7 May 2004
BERLIN – After a week of growing tensions over the government’s immigration reforms, Chancellor Gerhard Schroeder’s ruling Social Democrat-Green Party is planning to make what could a last-ditch effort to gain opposition support for the changes.
In the wake of moves by the Green Party to pull out of the negotiations with the conservative-led opposition over the new immigration law, Schroeder is to hold talks with opposition leaders to try to establish whether an agreement was possible.
This follows a round of coalition talks in Berlin Thursday and Friday aimed at trying to break the deadlock over the new immigration law that was introduced into parliament more than two years ago.
But the Christian Democrat-led opposition blocked the reforms in the upper house of parliament, the Bundesrat, where it has a majority, resulting in the new laws being dispatched to a special parliamentary mediation committee where they have languished ever since.
Since then, 12 rounds of talks between the government and the opposition have failed to break the impasse over the laws.
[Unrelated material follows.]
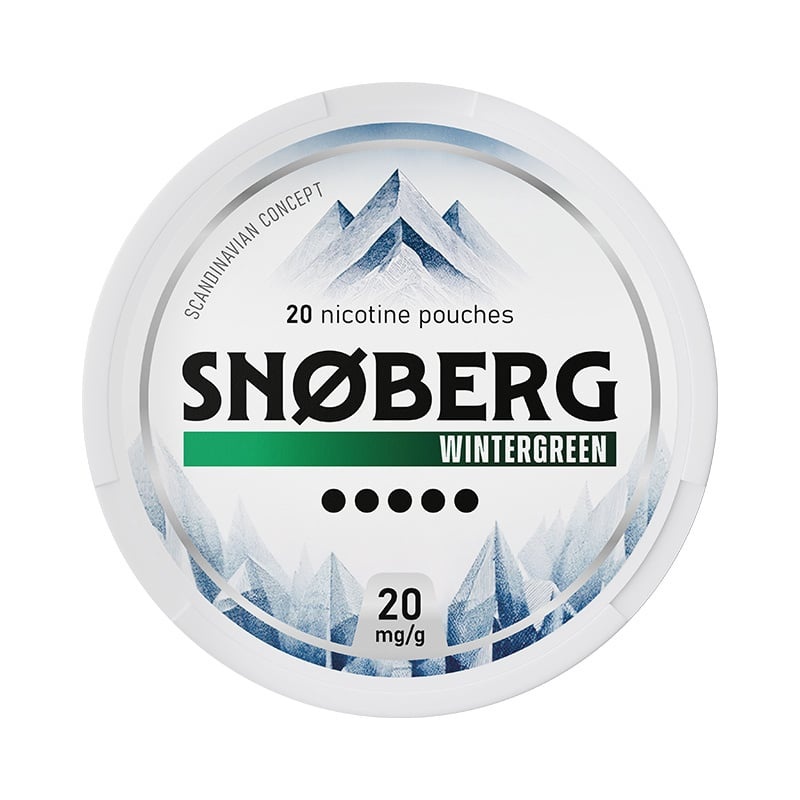 SNOBERG Wintergreen Strong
The latest obstacle in the marathon negotiations on the immigrations reforms has been the opposition’s insistence that the security provisions for detaining foreign extremists and terrorists should be toughened up.
While the government has agreed to the request, the Greens originally had rejected it claiming that the opposition was trying to make political capital out of the talks and a result of the dispute walked out of the talks. They have since agreed to return to the talks.
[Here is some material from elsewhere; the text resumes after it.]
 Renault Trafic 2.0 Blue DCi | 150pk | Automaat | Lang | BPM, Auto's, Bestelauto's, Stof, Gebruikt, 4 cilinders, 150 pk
Widely supported by German business, the law represent another step in the opening up the nation’s labour market to foreign workers with the reforms aimed at people from non-European Union nations.
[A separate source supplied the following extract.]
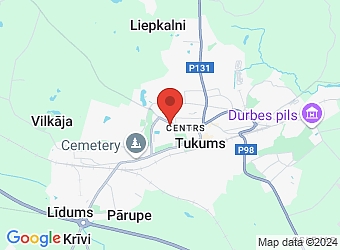  Talsu 39, Tukums, Tukuma nov., LV-3101,  Tukuma baptistu draudze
About 7.3m foreigners live in Germany, representing about 9 percent of the population, which the highest proportion in the European Union. Germany, however, lacks immigration laws, which would allow it to regulate the flow of skilled workers into the nation.
The proposed immigration reforms, which would bring German laws into line with nations such as Canada and Australia, follows Berlin’s moves to liberalise Germany’s antiquated citizenship laws and the introduction of a US-style Green Card to encourage skilled labour to come of the country.
Indeed, German business sees the new immigration laws as a way of helping to meet skilled labour shortages in the nation.
Germany’s shortages of skilled labour, however, comes at a time when the country has been hit by high unemployment, which have also made the immigration reforms unpopular in the electorate.
Faced with soaring deficits across its welfare system and a rapidly agreeing population, Germany also needs to consider drawing in immigrants as a way of addressing problems in its social state.